To do:
Each entry is to be retyped exactly as it appears, and each image is to be dropped.

Material to process:
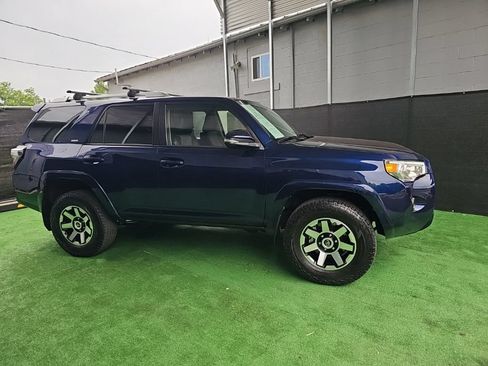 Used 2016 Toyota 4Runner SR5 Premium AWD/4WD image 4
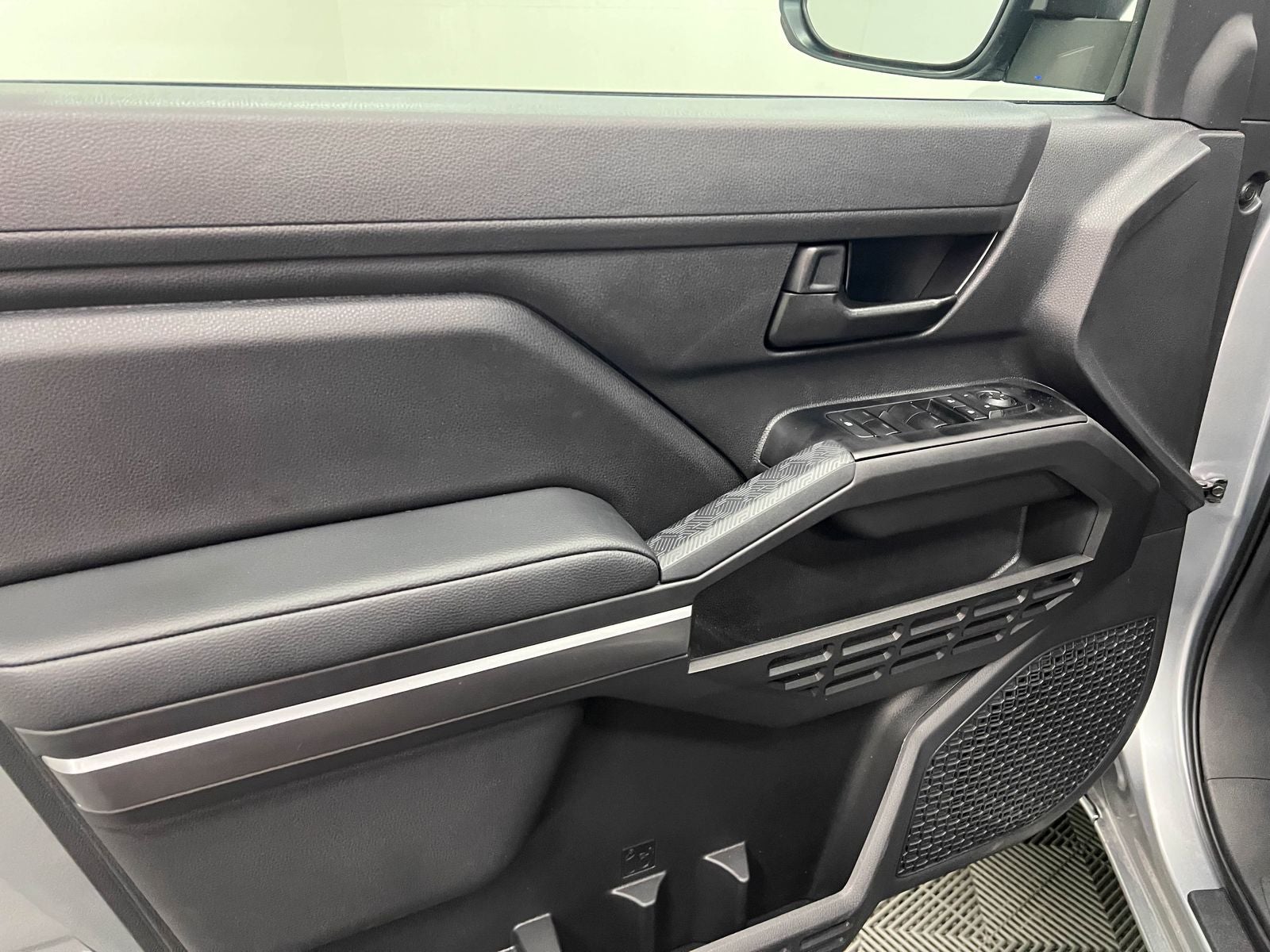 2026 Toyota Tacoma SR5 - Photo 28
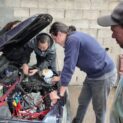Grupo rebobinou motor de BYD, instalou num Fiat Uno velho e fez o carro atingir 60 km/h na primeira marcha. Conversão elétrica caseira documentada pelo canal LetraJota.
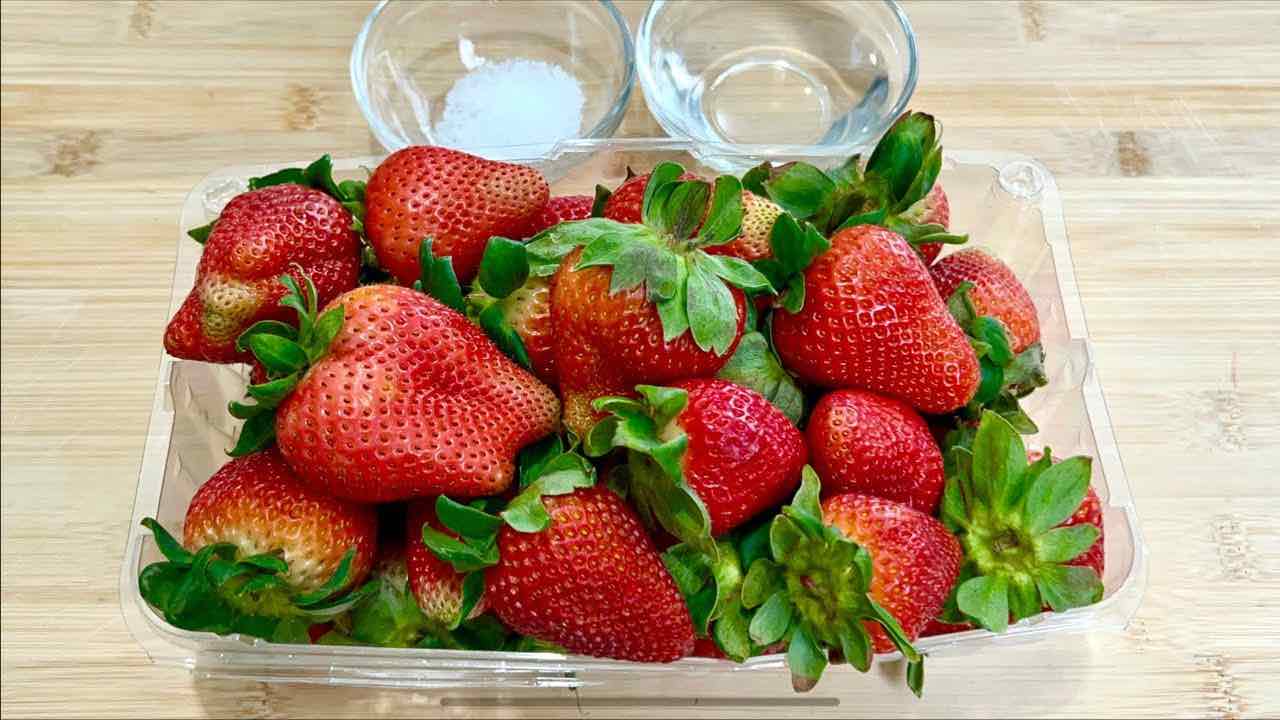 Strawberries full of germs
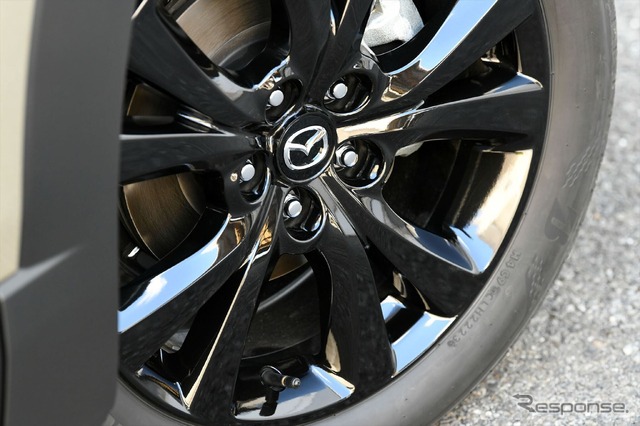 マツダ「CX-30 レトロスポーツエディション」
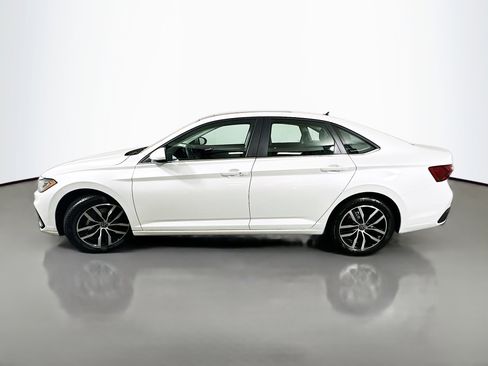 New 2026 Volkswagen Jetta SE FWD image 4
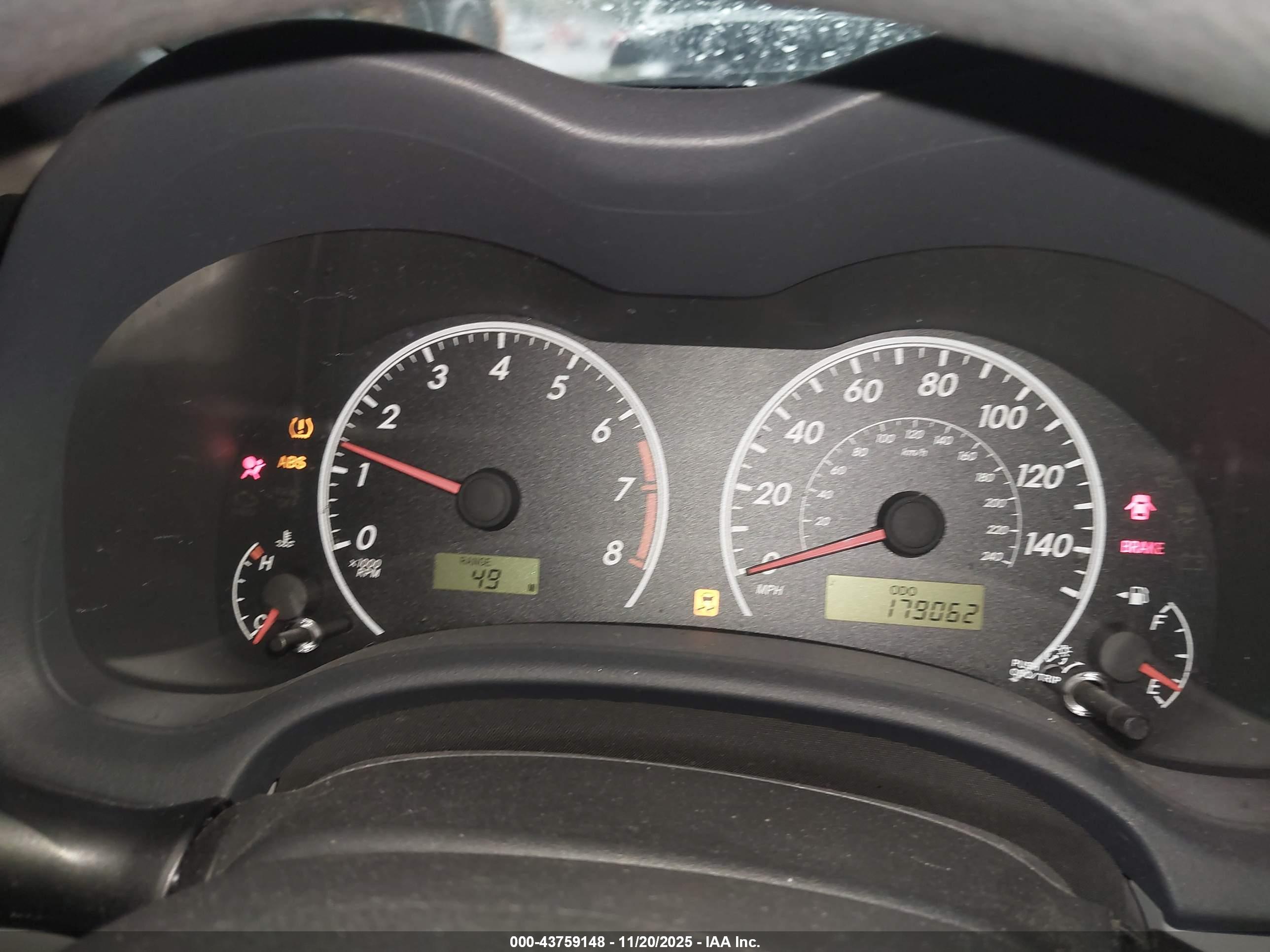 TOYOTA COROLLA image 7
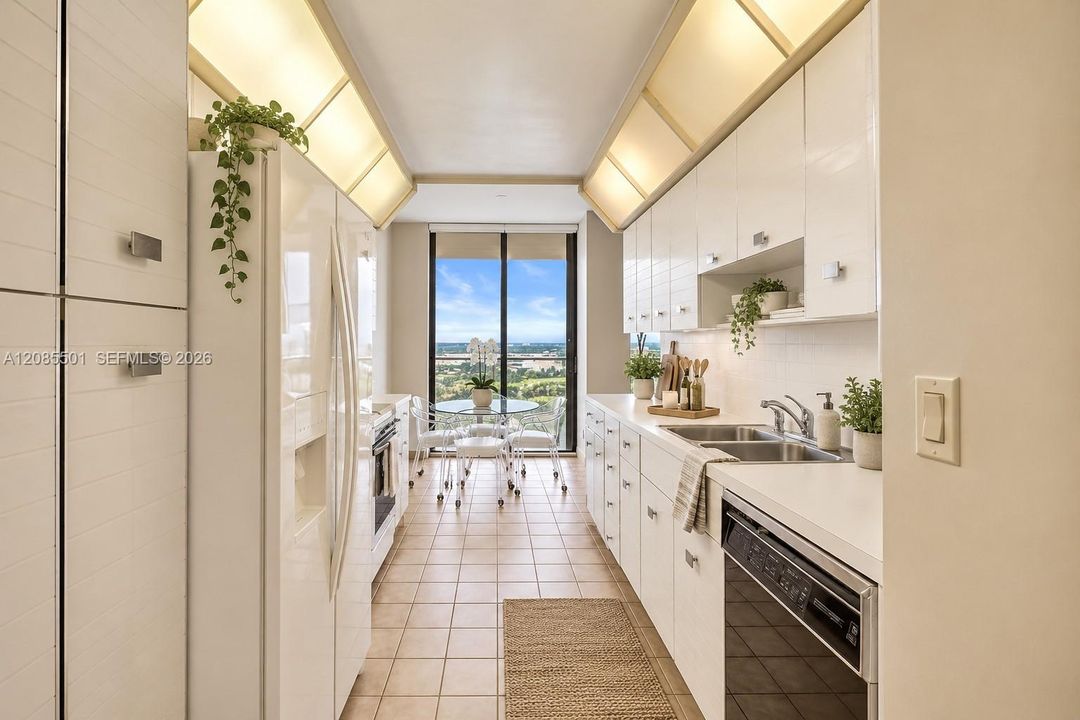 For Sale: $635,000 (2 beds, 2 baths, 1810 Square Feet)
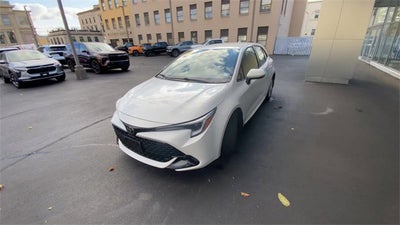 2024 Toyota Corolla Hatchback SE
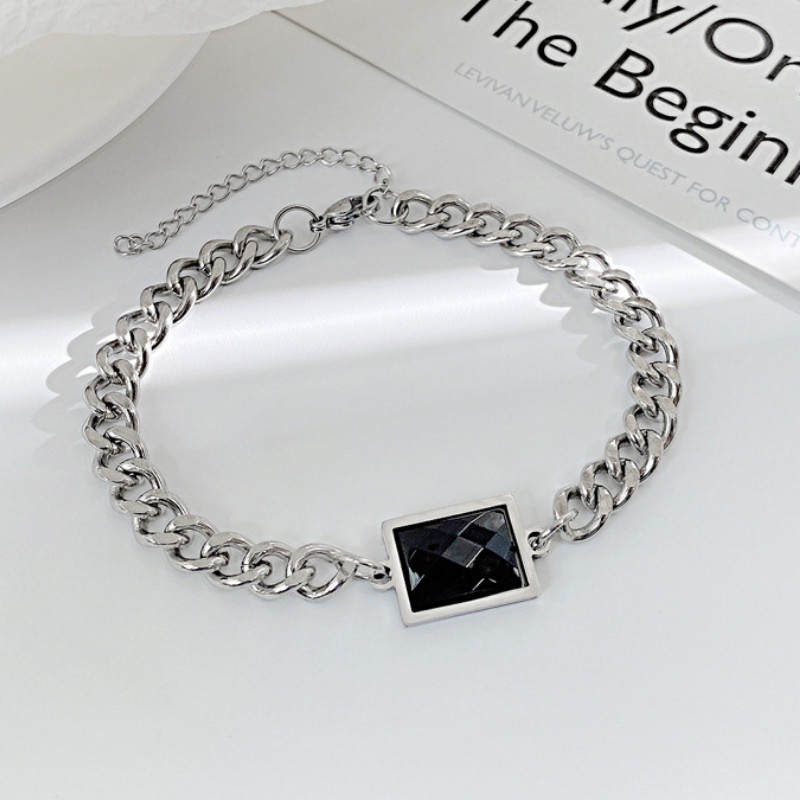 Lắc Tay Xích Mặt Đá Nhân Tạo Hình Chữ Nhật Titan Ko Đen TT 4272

Final answer:
 Used 2016 Toyota 4Runner SR5 Premium AWD/4WD image 4
 2026 Toyota Tacoma SR5 - Photo 28
Grupo rebobinou motor de BYD, instalou num Fiat Uno velho e fez o carro atingir 60 km/h na primeira marcha. Conversão elétrica caseira documentada pelo canal LetraJota.
 Strawberries full of germs
 マツダ「CX-30 レトロスポーツエディション」
 New 2026 Volkswagen Jetta SE FWD image 4
 TOYOTA COROLLA image 7
 For Sale: $635,000 (2 beds, 2 baths, 1810 Square Feet)
 2024 Toyota Corolla Hatchback SE
 Lắc Tay Xích Mặt Đá Nhân Tạo Hình Chữ Nhật Titan Ko Đen TT 4272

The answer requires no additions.